Data models are one of the most overlooked software design aspects in Power Systems software,
and in a field that relies on computer simulation, bad designs lead to unnecessary complexity and
bad performance. The need for some sort of canonical data model to share data dates back to the 1950’s with
the first applications of a digital computer to solve the “load flow” problem and appeared in the
literature in a discussion on how to implement a digitial load flow calculator 1.
With the widespread adoption of computer based load flow calculations, myriad solution methods and models
led to a problem of data and model exchange, as illustrated by the following quote:
With the growth in complexity of the interconnected power systems in the 1960’s came a
corresponding growth in the number of load flow programs being used and in the number of
study groups using those programs. This growth resulted in a need to exchange data at an
increasing rate.
Working Group on Common Format For Exchange of Solved Load Flow
Data 1973
Historically, electric power systems modeling has been the source complex data of requirements.
Most importantly, there has been an explicit division between power systems models based on
their scope. Different models require different simplifications to obtain system insights
that engineers require. These engineering simplifications and assumptions
have also carried over to other fields like energy policy and economics. In this regard, the
most significant model that has informed data processing and sharing is the “load flow” problem
with extension to the singlpe period “economic load flow” problem.
Leon Kirchmayer, in his seminal work about power system economic operation 2, provides
a detailed account about the early use of computers for the economic optimization of power
systems. These rudimentary computational systems were limited to punch cards as the medium
to load data. As a result, the first data models were merely column indexes to physical quantities.
Punch cards evolved to become fixed position and fixed order file data models. The first
generally agreed data model for power systems computational analysis: the IEEE Common Format
published in 1973 3. The common format data file had lines of up to 128 characters, the
lines are grouped into sections with section headers and data items are entered in specific
columns. It provided a standard format to store and exchange data based on the original
punch card specification, emulating the physical storage medium that preceded.
Although since 1973 there has been a significant increase in computational power, algorithm
development, and novel applications of computers to the analysis of electrical power systems,
tabular data models still dominate the field. All major data formats and models for commercial and
academic power systems software have employed tables with custom specifications to store
and exchange system data. In the context of open-source modeling, the data format used in
Matpower is standard for encoding system data sets due to the
popularity of MATLAB in power system researchers’ circles.
The need to share information evolved in the early 1990s with the advent of automation,
and spurred by increasingly complex data needs for power systems operations. The industry
required standardized models to exchange more extensive information, resorting to an
object-oriented data model. The CIM was developed and later made a standard maintained by
the IEC Technical Committee 57 Working Group 13. The aim was to provide a standard definition
for power system components geared towards automated EMS, SCADA systems, and asset-management
databases.
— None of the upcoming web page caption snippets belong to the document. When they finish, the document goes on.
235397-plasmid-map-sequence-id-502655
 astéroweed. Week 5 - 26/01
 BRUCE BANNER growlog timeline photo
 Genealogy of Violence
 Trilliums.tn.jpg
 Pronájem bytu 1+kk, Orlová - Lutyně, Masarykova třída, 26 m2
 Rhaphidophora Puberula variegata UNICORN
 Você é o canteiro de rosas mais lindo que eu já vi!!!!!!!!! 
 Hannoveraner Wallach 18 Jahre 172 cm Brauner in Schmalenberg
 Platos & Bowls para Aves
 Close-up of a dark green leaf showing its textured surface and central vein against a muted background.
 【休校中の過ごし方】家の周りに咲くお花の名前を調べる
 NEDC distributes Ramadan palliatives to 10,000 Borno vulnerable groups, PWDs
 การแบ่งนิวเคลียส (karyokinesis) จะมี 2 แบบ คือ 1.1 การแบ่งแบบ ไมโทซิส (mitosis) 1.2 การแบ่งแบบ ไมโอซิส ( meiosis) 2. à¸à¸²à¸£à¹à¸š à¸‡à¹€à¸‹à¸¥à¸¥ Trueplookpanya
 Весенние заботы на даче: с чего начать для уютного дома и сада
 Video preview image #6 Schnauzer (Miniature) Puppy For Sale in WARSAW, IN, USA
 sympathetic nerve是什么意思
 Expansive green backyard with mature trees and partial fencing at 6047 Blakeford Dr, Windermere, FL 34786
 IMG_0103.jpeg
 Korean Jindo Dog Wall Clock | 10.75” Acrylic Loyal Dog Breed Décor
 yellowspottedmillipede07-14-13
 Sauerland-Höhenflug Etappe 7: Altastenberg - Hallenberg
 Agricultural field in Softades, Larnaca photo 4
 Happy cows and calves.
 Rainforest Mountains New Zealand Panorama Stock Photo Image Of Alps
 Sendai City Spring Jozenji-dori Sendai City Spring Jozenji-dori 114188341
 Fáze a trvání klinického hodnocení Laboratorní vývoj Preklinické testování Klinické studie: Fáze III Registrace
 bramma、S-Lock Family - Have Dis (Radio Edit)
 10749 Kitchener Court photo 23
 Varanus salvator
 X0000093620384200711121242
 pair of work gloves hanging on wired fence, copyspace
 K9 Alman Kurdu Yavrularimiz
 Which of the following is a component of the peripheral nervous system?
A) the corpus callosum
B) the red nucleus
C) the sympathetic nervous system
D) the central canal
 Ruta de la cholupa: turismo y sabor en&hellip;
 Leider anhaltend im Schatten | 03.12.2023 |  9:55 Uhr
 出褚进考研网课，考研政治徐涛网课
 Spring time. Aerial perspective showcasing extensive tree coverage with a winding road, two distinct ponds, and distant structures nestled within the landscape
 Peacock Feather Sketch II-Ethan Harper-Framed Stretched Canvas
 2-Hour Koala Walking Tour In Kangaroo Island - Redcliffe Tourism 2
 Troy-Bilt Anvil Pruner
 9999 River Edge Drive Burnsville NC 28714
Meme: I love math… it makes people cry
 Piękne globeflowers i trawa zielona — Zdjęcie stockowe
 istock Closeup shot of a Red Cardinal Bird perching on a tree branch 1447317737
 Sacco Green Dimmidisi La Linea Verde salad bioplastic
Automation-oriented modeling makes CIM challenging to implement for modeling
purposes and is not widely used in any modeling software available today. It is available
in only a few commercial power system software and the only open-source parsing implementation
is the iTesla library.
One of the key qualities of electric power systems modeling is the rigid separation between
steady-state and dynamic modeling practices. Simulation tools have kept separate data models
between the two classes of models, and a few commercial providers dominate the market for
dynamic modeling. As a result, the dynamic data model is dependent on the software available
for the researcher. Such artificial separation hinders cross-domain research and further
limits the development of newer models. Some efforts to develop open data models geared
towards dynamic modeling such as PSAT have been limited
to teaching and are no longer maintained. The data model implemented in python is described
partially in 4 but has had little uptake.
With the advent of new algorithms, models, and programming languages, as well as broad
access to computers, new software tools and data formats proliferated. Milano provides a
detailed taxonomy of available commercial and open-source data sources up to 20104.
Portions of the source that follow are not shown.